I can’t put my finger on the exact moment when our political climate changed so dramatically but I know that it is one wrought with a very real fear that saying the wrong thing will result in damaging family relationships and friendships and reputations. Publicly asserting one’s opinions can often feel as dangerous as walking across the Grand Canyon on a tightrope. One misstep, one choice of the wrong words can be so misunderstood that it provides the impetus for the death of a friendship or family relationship. It did not used to be that way.
I grew up in the Cold War days. We Boomers were the kids who heard about the Iron Curtain that was tightly drawn around Russia and much of Central and Eastern Europe. We learned about the oppression of thoughts in countries controlled by dictators. We tried to imagine what it would be like to be subjected to propaganda only to learn that efforts to influence people’s thinking have been a reality in virtually every society throughout history.
The difference in modern times has been the ability to instantly spread ideas through mass media using all of the tricks in the propaganda book. Because of this, we should all be alert and willing to actively discuss what we are seeing and hearing to determine the validity or dishonesty of appeals for our support. It is only when we take the time to differentiate between truth and lies that we can accurately assess any situation. That’s why good old fashioned friendly debates among friends are actually quite healthy and necessary as long as there is an understood agreement that the relationships will remain intact even as the people disagree.
I actually believe that it is possible to think very differently about many things and still manage to get along. I have done so with a number of friends and family members. In the end I always circle back to the one truth that we are all attempting to navigate through the world in the ways that make the most sense to us. I love my country of the United States of America because it has allowed me to be me. I am as patriotic as the person who shows their colors everyday even though mine is a more circumspect and quiet way of honoring my nation. I do not feel a need to force others to think or be or act like me, but I ask that they at least allow me to make my own choices without insulting or restricting me.
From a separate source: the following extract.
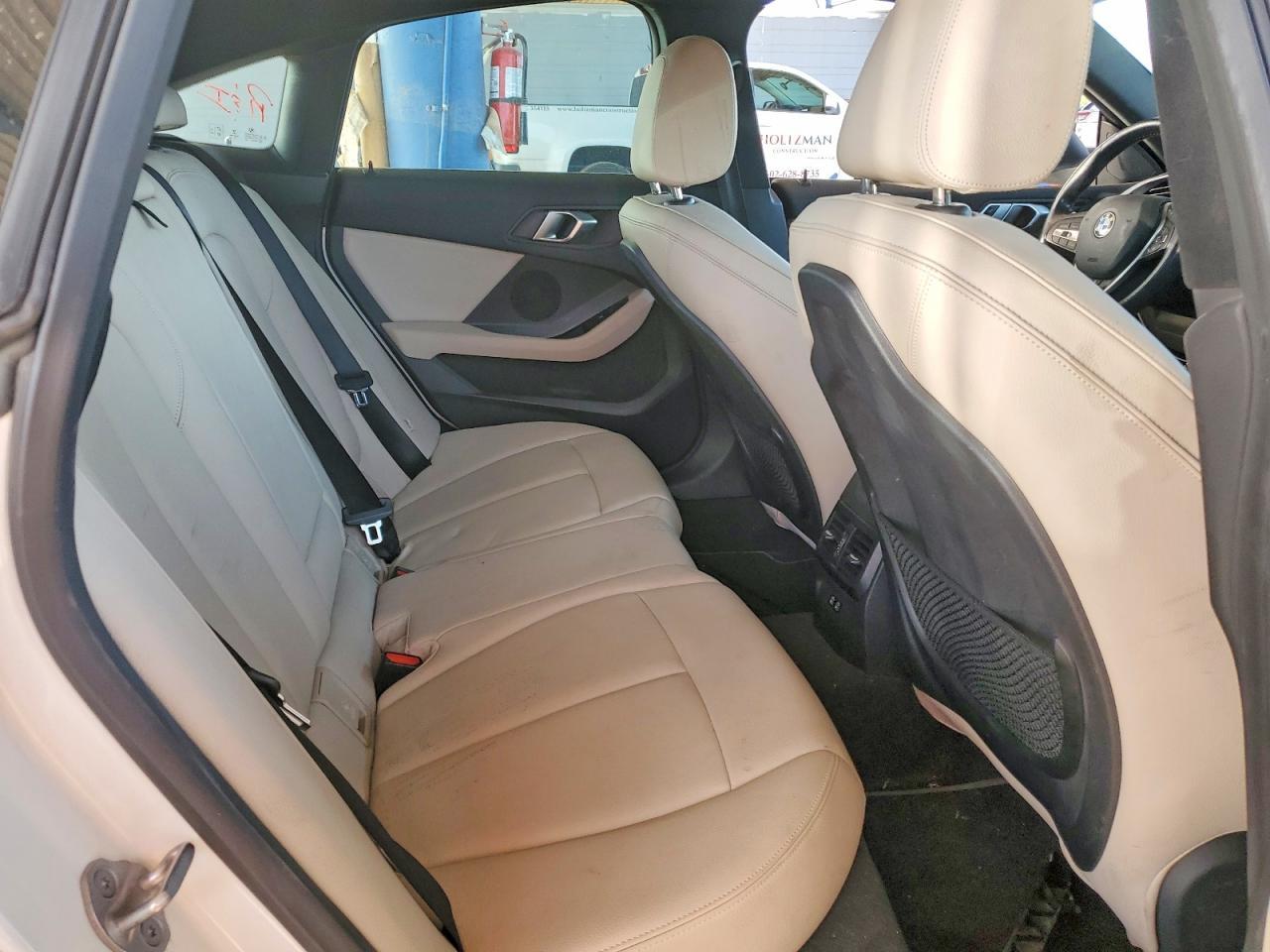 2023 BMW 2 Series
I am deeply religious, but do not proselytize or think that my faith is necessarily better than that of others. I like the idea of keeping my church away from state issues. How I view God is very private and important for me but I am perfectly willing to learn about other people’s spirituality. It does not damage my faith when I hear from them. In fact, it may even enhance my relationship with my God.
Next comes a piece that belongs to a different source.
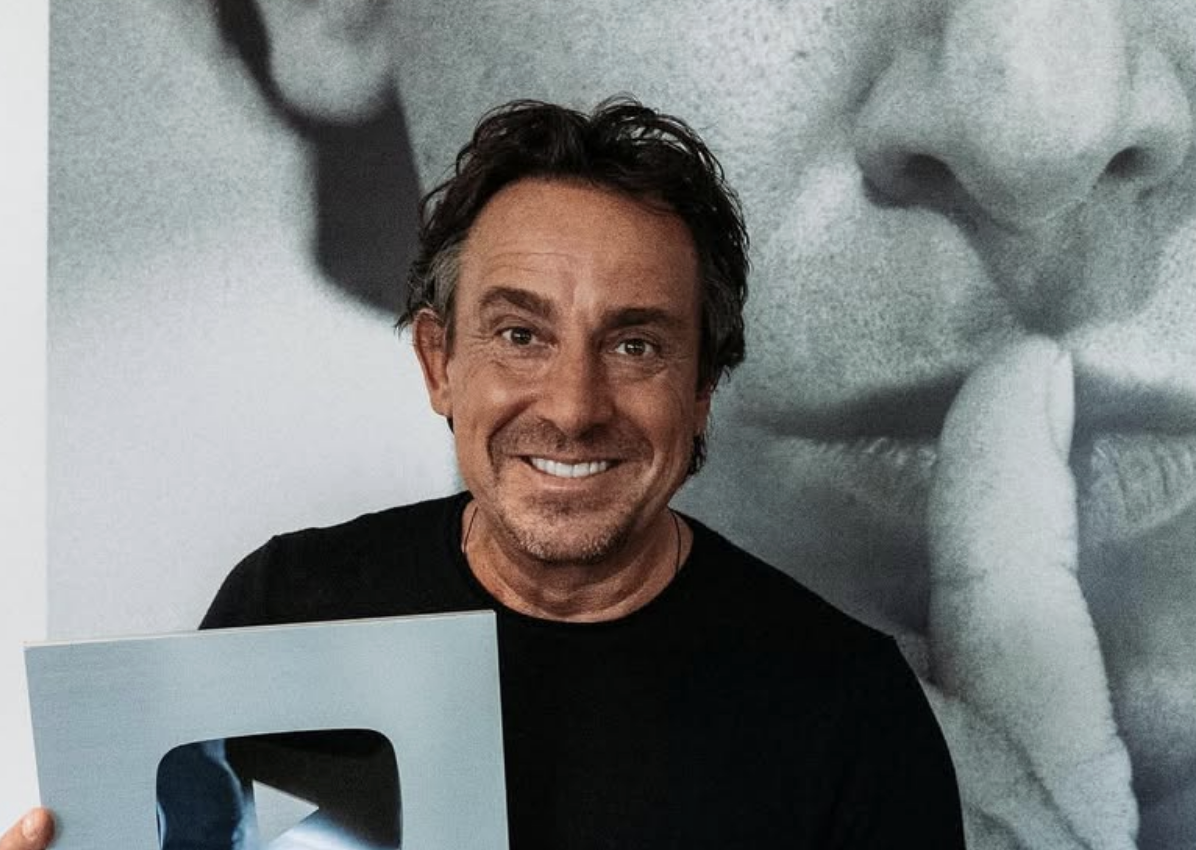 liveblog rechtszaak marco borsato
I suspect that we have all grown weary of the rifts that grow wider each day. I love the die hard classmate from my youth in spite of his ideas that confound me. I would like to think that my affection for him will be reciprocated without efforts to change me. I fear that if we keep removing ourselves from people with ideas that we do not share our circle of friends and family will become an echo chamber that leaves us ignorant and boring. I don’t want to be a member of a cult. I like feeling safe to ask, “Why?” I am longing for honest discourse among friends.